[Supplied information Boundary: Start]
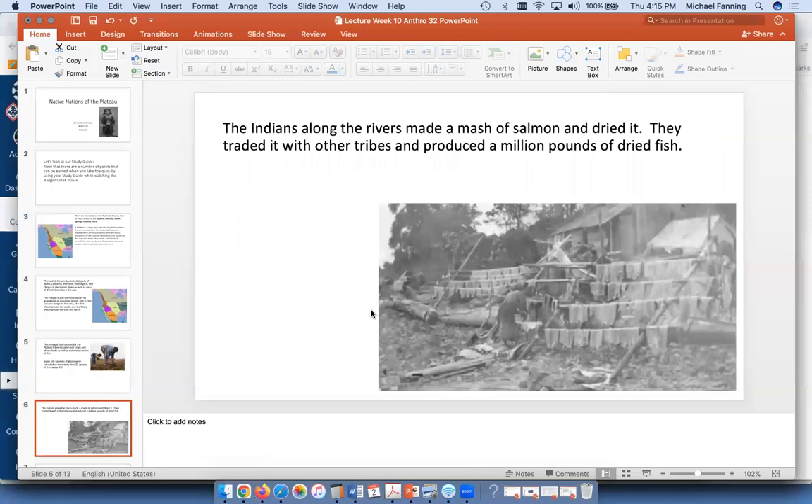These native peoples made a mush of the salmon, pounding it and then drying it on poles. They traded and produced a million pounds of dried fish each year — a lot of good protein. You could reconstitute it in a stew or just chew on it while traveling. The salmon runs were very important to native peoples and still are, though in the past there was far more salmon since it wasn't being commercially fished in the ocean.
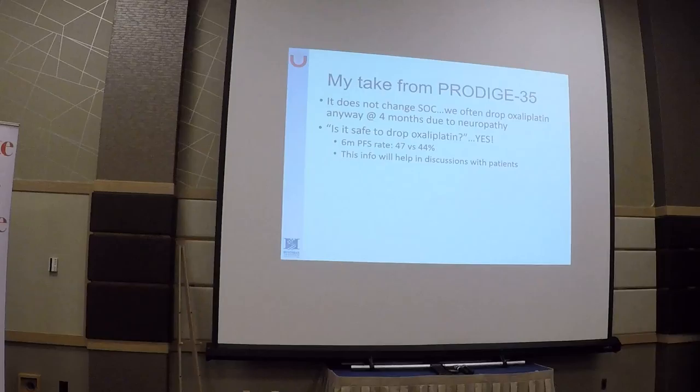My take on this study: it does not change standard of care because we already do this in the clinic. We know that after three to four months of FOLFIRINOX, many patients will develop significant neuropathy and we need to drop oxaliplatin anyway. However, this provides nice evidence to discuss with our patients. When you explain that we need to drop oxaliplatin, patients worry it will affect their disease negatively. Well, based on the six-month progression-free survival rate data, we know dropping oxaliplatin is not a concern — it is safe to drop.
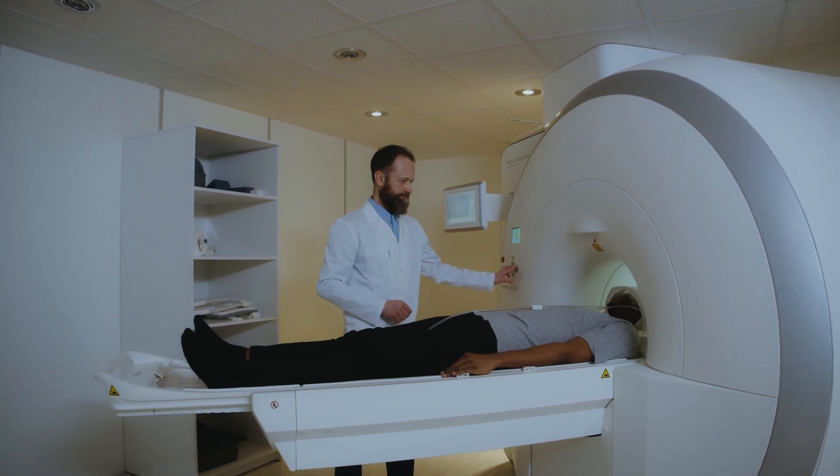A whole body MRI takes detailed images of your organs, soft tissues, joints and even bones from head to toe. As a radiologist, I can tell you that MRIs are incredibly powerful tools — they use strong magnets and radio waves to produce detailed images of the inside of your body without any harmful radiation. That's why they're so valuable for diagnosing things like tumors, spinal issues, joint problems and soft tissue injuries. So a whole body MRI seems like it would be the ultimate checkup, right?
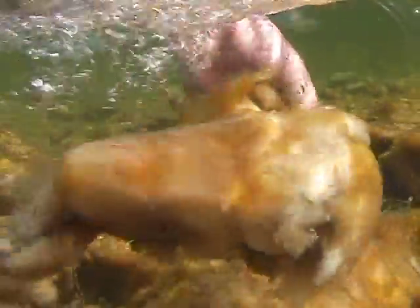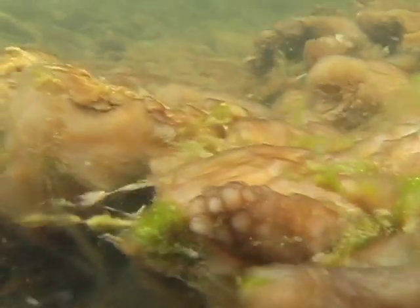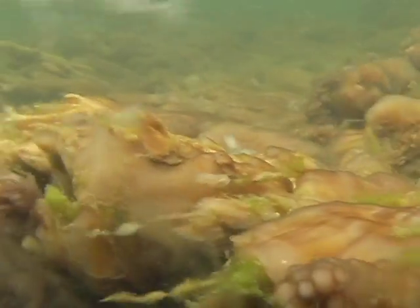Individual cells are too small to see with the naked eye, but it only takes one of these cells to be accidentally transferred to another river to continue the spread of Didymo.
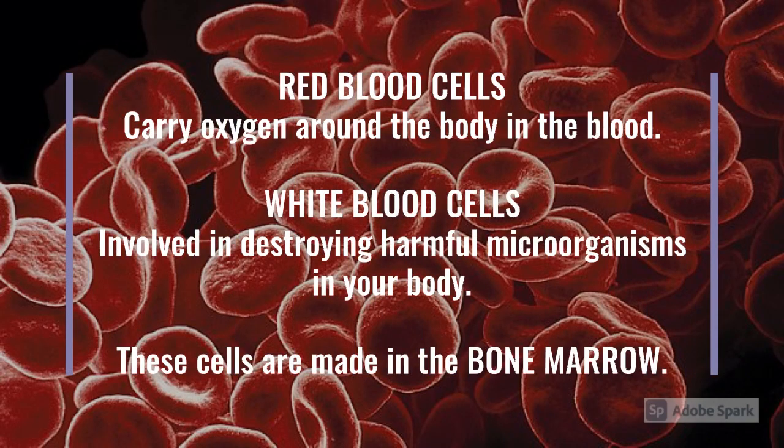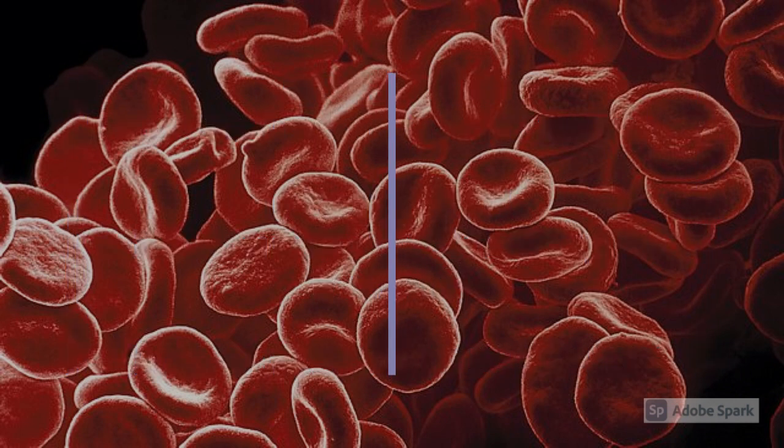There are different kinds of blood cells that are made in bones. These include red blood cells, which carry oxygen around the body in the blood, and white blood cells, which are involved in destroying harmful microorganisms in your body. These cells are made in the bone marrow, which is soft tissue inside our larger bones, protected by the hard part of the bone which surrounds it.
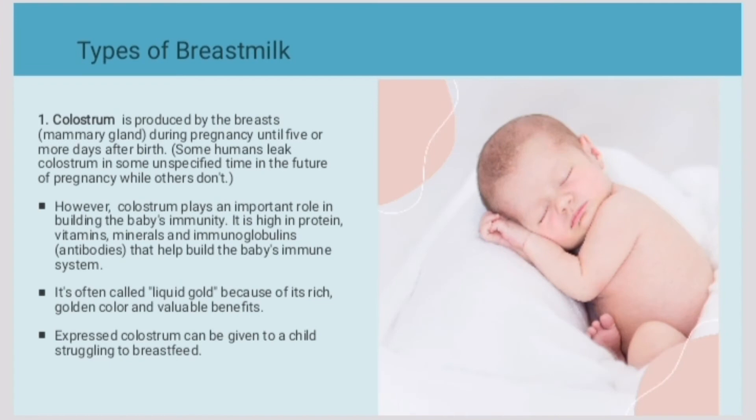Types of breast milk. One: colostrum is produced by the breast during pregnancy and a few days after delivery. Colostrum plays an important role in building the baby's immunity and it is high in protein, vitamins, minerals, and immunoglobulins.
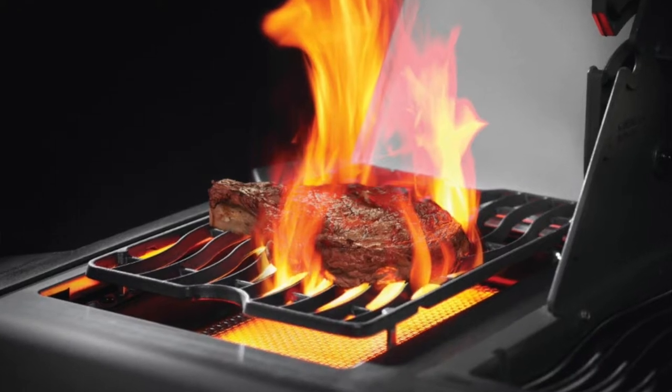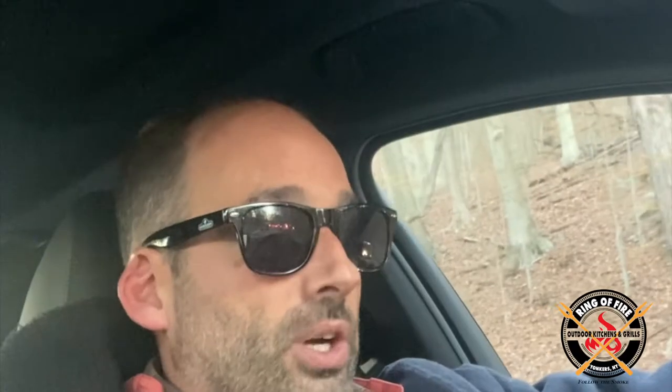If you're going to take the Genesis and compare it to the P500, the P500 is going to have the interior lighting. The P500 is going to have the wave grates, which are very important. The P500 is going to have the outboard sear burner — an ingenious feature that even our friends in the high-end grill category don't do, and they should.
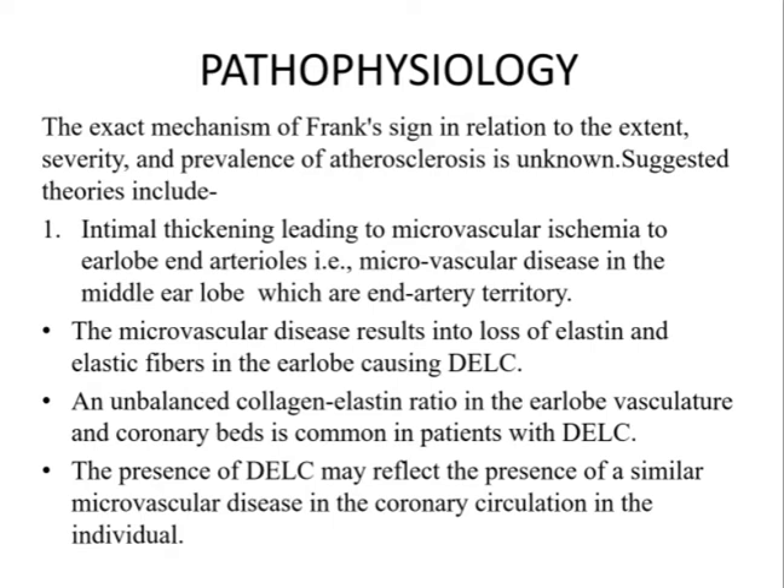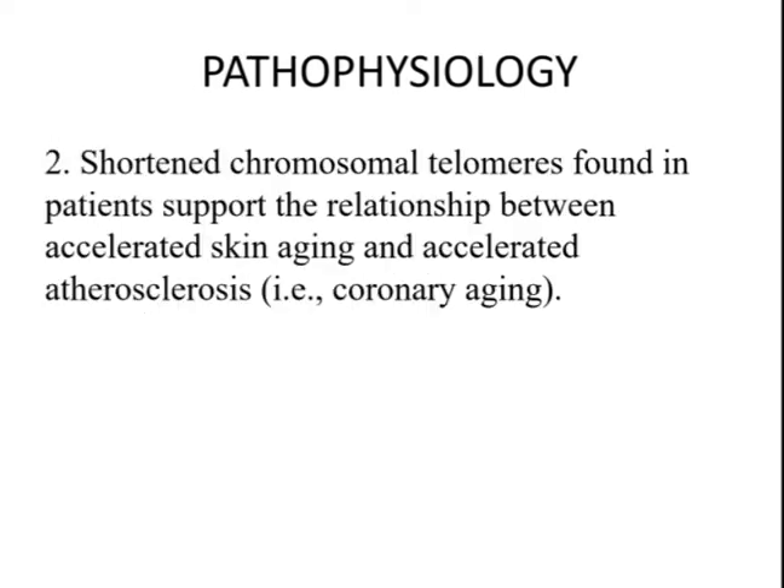Furthermore, an unbalanced collagen-elastin ratio in the earlobe vasculature and similarly in the coronary beds is common in patients with DELC. Thus, the presence of DELC may reflect the presence of a similar microvascular disease in the coronary circulation. Another theory suggests this could be an indicator of accelerated skin aging and its relation to accelerated atherosclerosis, that is coronary aging.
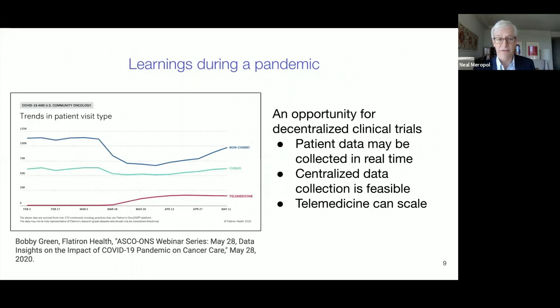Now back to current events. This panel shows real-time administrative data pulled from OncoEMR, Flatiron's cloud-based oncology electronic health record used by community oncologists nationwide. This shows the rapid adoption of telemedicine early in the COVID pandemic in the United States, with associated decreases in in-person visits. These data support the power of centralized data curation and the scalability of telemedicine, thus addressing some of the potential barriers to decentralized clinical trials in communities where the patients receive their care.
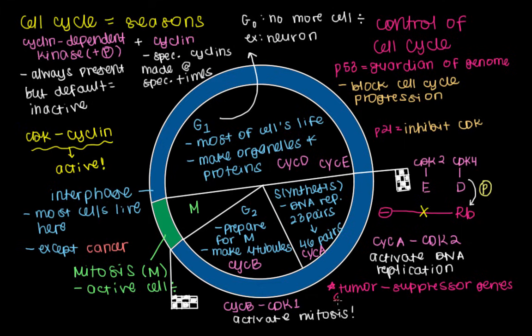These tumor suppressor genes are important to have because if they have a mutation that causes a loss of function, what ends up happening is that you tend to get cancer, which I think we can both agree is not a good thing. So it's very important to have tumor suppressor genes.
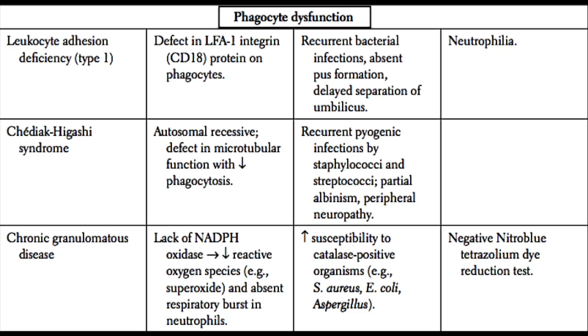Next, we have Chediak-Higashi syndrome. Chediak-Higashi syndrome is an autosomal recessive defect in microtubular function. White blood cells such as neutrophils rely on microtubular function to move and to phagocytose their prey. A defect in microtubular function results in a decreased ability of neutrophils to fight infection. These patients get recurrent pyogenic infections by staph and strep, as well as peripheral neuropathy and albinism. If you see albinism, peripheral neuropathy, and recurrent abscesses, think about Chediak-Higashi syndrome.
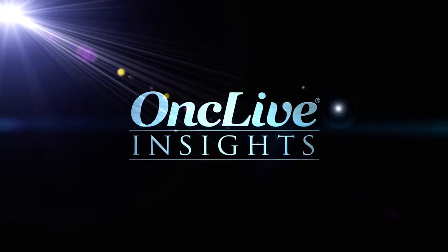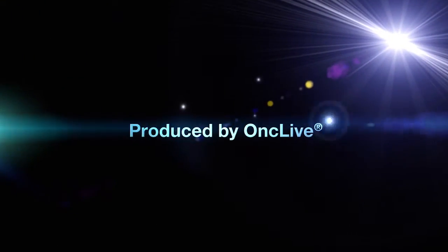OncLive Insights is a video editorial program produced by OncLive. Blinatumomab is a bispecific engaging antibody. What we're trying to do is bind both CD19 on the leukemic blasts and CD3 on the T-cells. The consequence of binding CD3 is to activate the T-cell and to do so in the context of the B-cell.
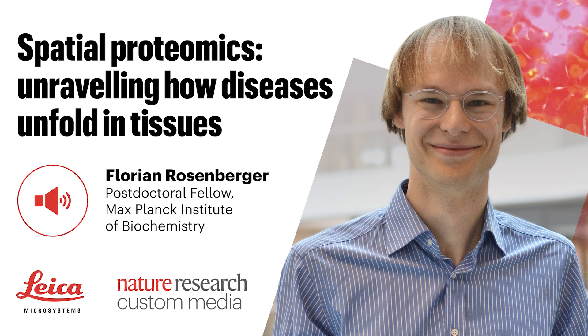Hello and welcome to this podcast from Nature Research Custom Media and Leica Microsystems. I'm science journalist Izzy Clark and in this episode we explore an innovative technique that shows where proteins are located within a single cell.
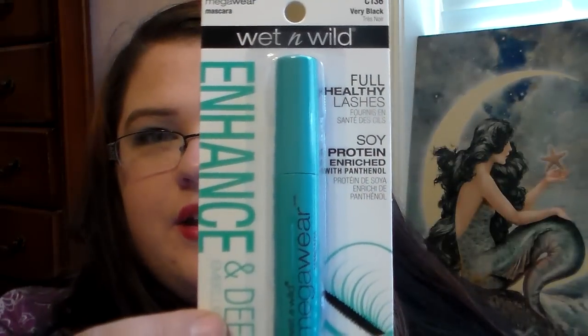Then I picked up a Wet n' Wild Mascara. I've seen people haul this one. It's from the Mega Wear line, in Very Black. It says Full Healthy Lashes, and it's got soy protein and pro-vitamin B5 in it. It's supposed to give you clean definition to your lashes and enhance and define them. I'm excited for that and I can't wait to try it out.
[Supplied information Boundary: End]
◆ **Exercise objective**
What you need to produce is an exact copy of the entries above, limited to the lines from the one with "If you're going" up to and including the one with "Now back to", without pictures.

◆ **Written solution**
If you're going to take the Genesis and compare it to the P500, the P500 is going to have the interior lighting. The P500 is going to have the wave grates, which are very important. The P500 is going to have the outboard sear burner — an ingenious feature that even our friends in the high-end grill category don't do, and they should.
Furthermore, an unbalanced collagen-elastin ratio in the earlobe vasculature and similarly in the coronary beds is common in patients with DELC. Thus, the presence of DELC may reflect the presence of a similar microvascular disease in the coronary circulation. Another theory suggests this could be an indicator of accelerated skin aging and its relation to accelerated atherosclerosis, that is coronary aging.
Now back to current events. This panel shows real-time administrative data pulled from OncoEMR, Flatiron's cloud-based oncology electronic health record used by community oncologists nationwide. This shows the rapid adoption of telemedicine early in the COVID pandemic in the United States, with associated decreases in in-person visits. These data support the power of centralized data curation and the scalability of telemedicine, thus addressing some of the potential barriers to decentralized clinical trials in communities where the patients receive their care.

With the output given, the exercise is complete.